- [Exercise brief]: Set down a true copy of the data, with all pictures left out.

- [Input data]:

· · ·

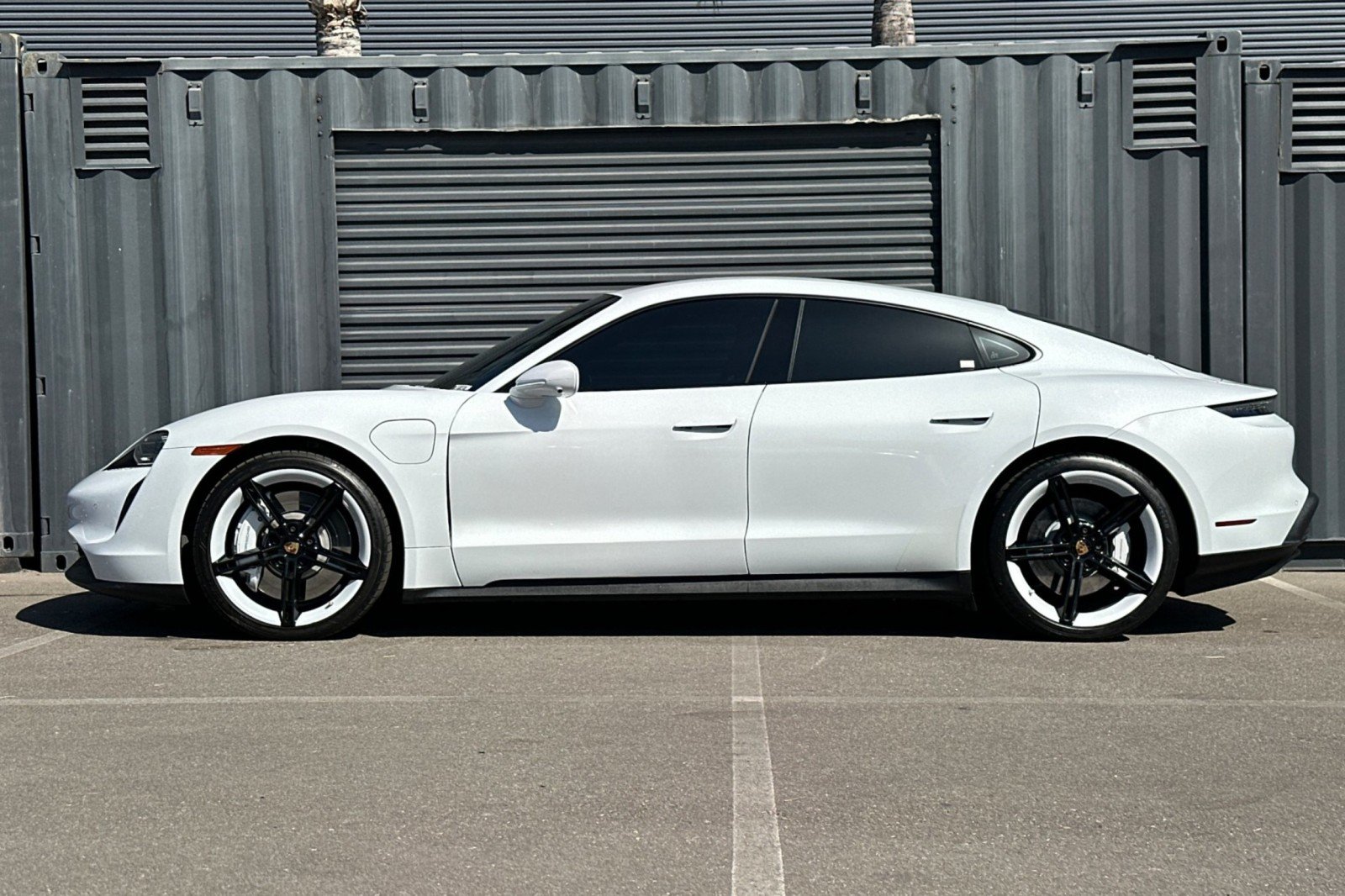 Certified Used 2022 Carrara White Metallic Porsche  image 2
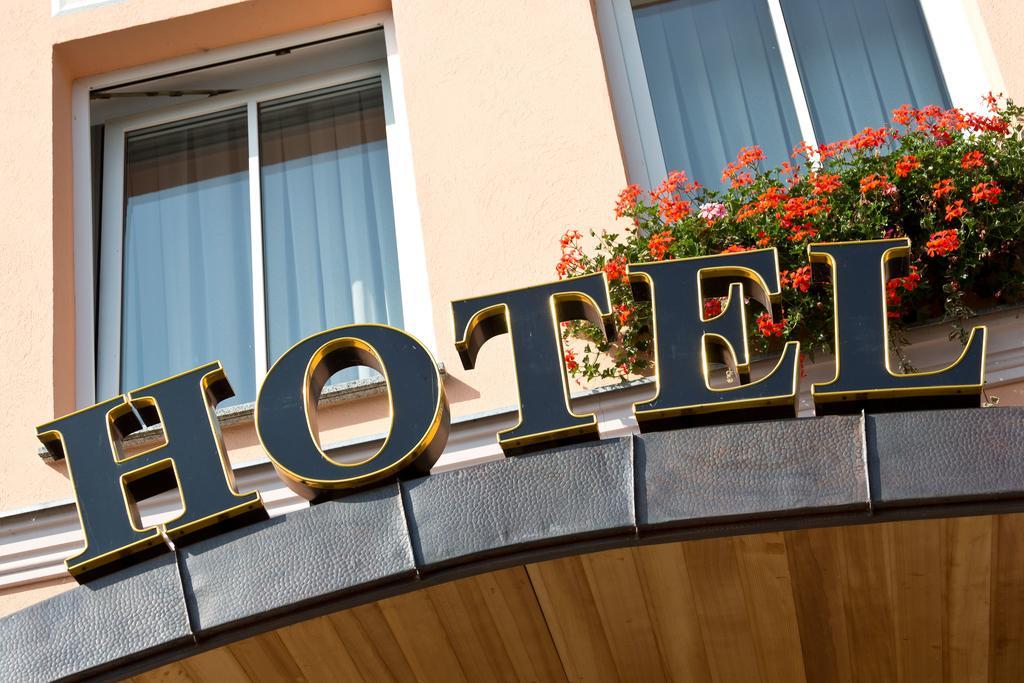 Hotel Fuer Dich Waren  Exteriör bild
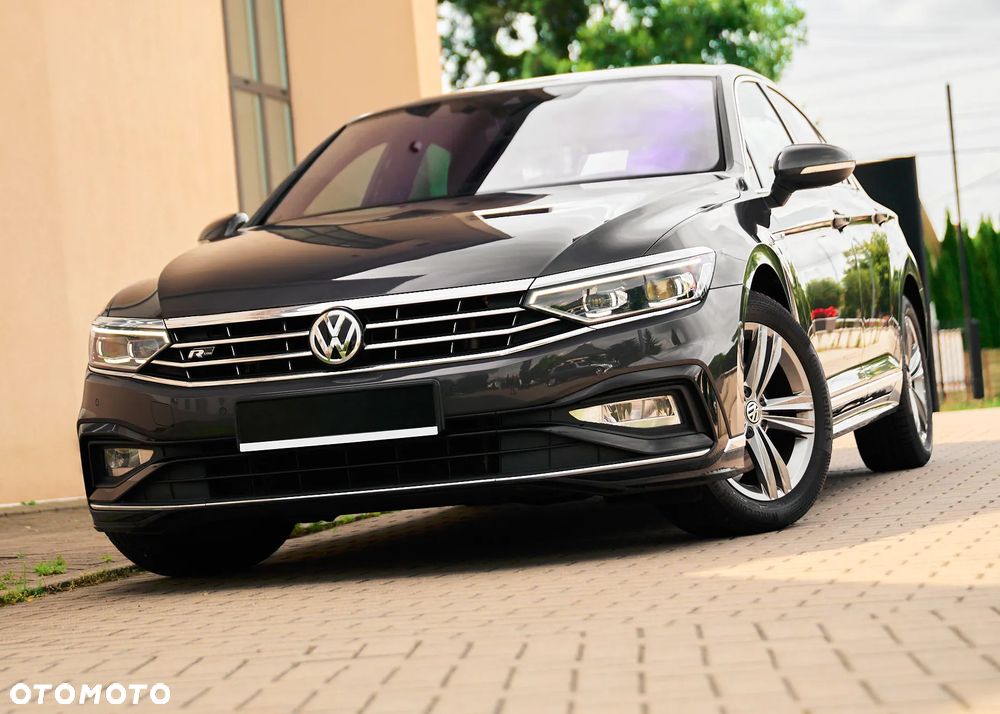 Volkswagen Passat 1.5 TSI OPF DSG Highline - 2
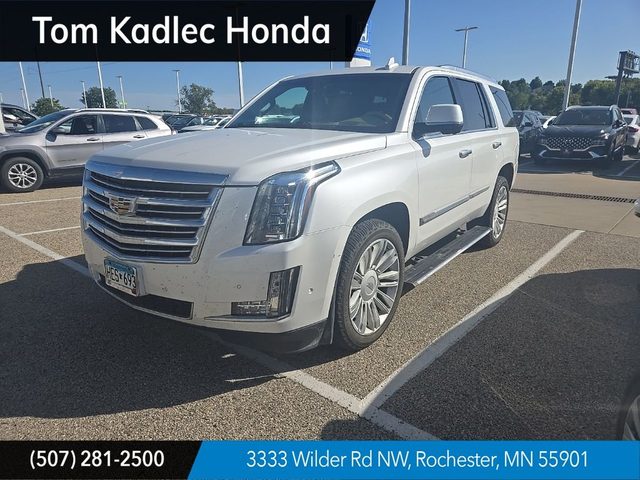 2018 Cadillac Escalade Platinum 4WD photo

· · ·

- [Worked solution]:
 Certified Used 2022 Carrara White Metallic Porsche  image 2
 Hotel Fuer Dich Waren  Exteriör bild
 Volkswagen Passat 1.5 TSI OPF DSG Highline - 2
 2018 Cadillac Escalade Platinum 4WD photo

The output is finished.